Means for measuring the value of phosphoric acid, a flow meter for measuring the amount of inflowing water flowing into the oxidation tank, a measurement value of the oxidation-reduction potential of the oxidation-reduction potentiometer, an adenamine-3-phosphate content per biofilm area, and Using an arithmetic expression based on the measured flow rate, the inflow CODcr, which is the amount of oxygen consumed by the indium chromium oxide, the inflow BOD, which is the biochemical oxygen demand of the inflow, and the BOD, which is the biochemical oxygen demand. A sewage treatment apparatus comprising an arithmetic control unit for calculating an area load. 3. A part of a rotating disk is immersed in the water to be treated flowing into the oxidation tank, and the rotating disk is rotated to form a biofilm on the surface of the rotating disk. In the sewage treatment apparatus for purifying the water to be treated, an oxidation-reduction potentiometer for measuring an oxidation-reduction potential in the oxidation tank, and adenamine-3 per unit area of a biofilm formed on the rotating disk.

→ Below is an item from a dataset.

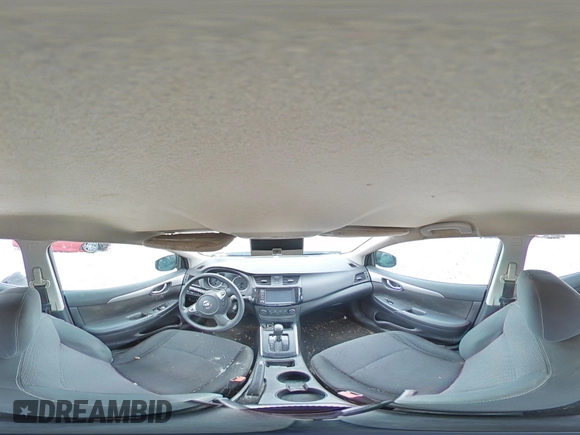 2019 Nissan Sentra S z VIN 3N1AB7AP3KY213698, wystawiony jako Copart lot #77969284 z przebiegiem 80 439 mil mil oraz Szkoda całkowita • Salvage title. Historia ofert i sprzedaży dostępna na DreamBid. Obrazek 13.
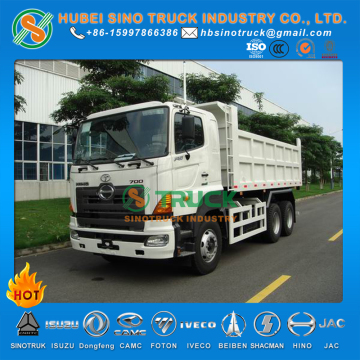 Hino Strong Dump Truck for Construction Project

A means for measuring the value of phosphoric acid, a flow meter for measuring the amount of inflow water flowing into the oxidation tank, a measurement value of the oxidation-reduction potential of the oxidation-reduction potentiometer, adenamine-3-phosphate value per unit area of the biofilm Using an arithmetic expression based on the measured flow rate and the flow rate, the inflow CODcr, which is the oxygen consumption of the inflow water by potassium chromium oxide, the inflow BOD, which is the biochemical oxygen demand of the inflow, and the biochemical oxygen demand. A sewage treatment apparatus comprising a calculation control means for calculating a BOD area load and controlling a rotation speed of the rotating disk in accordance with the calculated BOD area load. 4. An oxidation-reduction potentiometer for measuring an oxidation-reduction potential in an oxidation tank, a flowmeter for measuring an amount of inflowing water flowing into the oxidation tank, and a calculation based on a measurement value of the oxidation-reduction potential of the oxidation-reduction potential meter. Using the equations, the influent CODcr, which is the amount of oxygen consumed by the indium chromium potassium oxide, the influent BOD, which is the biochemical oxygen demand of the influent, and the BOD area load, which is the biochemical oxygen demand, are calculated. A sewage treatment apparatus comprising arithmetic and control means for controlling the rotation speed of the rotating disk in accordance with the calculated BOD area load.